5/14 の markup hearing 確認:午前10時30分、場所は上院銀行委員会
今回の markup の具体的な予定:
日付:2026年5月14日(木)
時間:午前10時30分
場所:上院銀行委員会
議題:『デジタル資産市場 CLARITY 法案』について条文ごとに審議
Markup は法案が委員会段階で進む際の中核となる手続きであり、議員が条文ごとに議論して修正し、最終的に委員会の採決によって、その法案を本会議へ送れるかが決まる。

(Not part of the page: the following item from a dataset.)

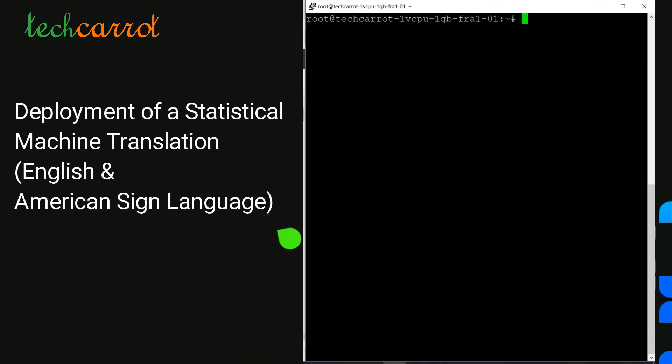Hello. In this tutorial you will be able to deploy your statistical machine translation for the pair of languages English and American Sign Language in written form. As we saw in our previous tutorials, we can build all our tools in order to deploy our machine translation. I would also like to invite you to see my research paper talking about the implementation and deployment of statistical machine translation between English and American Sign Language. Feel free to start this work and enjoy reading the article.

CLARITY Act は1月以降ずっと上院で滞っており、ステーブルコインの利回りをめぐる論争が主なボトルネックとなっている。今回の markup が確定したことは、この論争に前進可能な妥協案が見つかったことを意味する。
Tim Scott は 5/21 までに完了することを目標、Tillis-Alsobrooks の妥協が推進ルートを開く
立法日程における重要な制約:
Tim Scott の目標:5月21日の戦没者追悼記念日休会までに markup を完了
5/14 の markup から 5/21 まで:5営業日の猶予期間
突破口:ノースカロライナ州上院議員 Thom Tillis とメリーランド州上院議員 Angela Alsobrooks が、ステーブルコインの利回りに関する論点で妥協し、法案の再起動による推進を認めることになった
この日程は、ホワイトハウスが5/6に公表した「7月4日に下院を通過」という目標ともつなげられる:5/14 markup → 5/21 までに委員会で可決 → 6月の上院本会議(4営業週)→ 7/4 までに下院版を完成。どこか一部が遅れれば、全体のスケジュールも連動して後ろ倒しになる。
今後:銀行業界には依然として懸念があり、その他の委員会でのバージョン調整が必要
今回の markup 後も未解決の課題:
銀行業界はステーブルコイン条項についてなお懸念があり、現行の文言では暗号資産企業が「銀行預金の保護要件を回避」できてしまう可能性があると考えている
CLARITY Act は他の委員会版と調整して、内容を統一する必要がある
調整後に、完全な上院本会議の採決を通過する必要がある
その後、下院の手続きを経てはじめて法律になる
追跡可能な具体的な出来事:5/14 の markup で可決または修正される具体条文、銀行業界によるその後のロビー活動の動き、そして6月の上院本会議のスケジュールが見込みどおりに始動できるかどうか
この記事「CLARITY 法案 5/14 上院銀委会の markup 確認:Tim Scott は 5/21 までに完了を目標」が最初に掲載されたのは 鏈新聞 ABMedia である。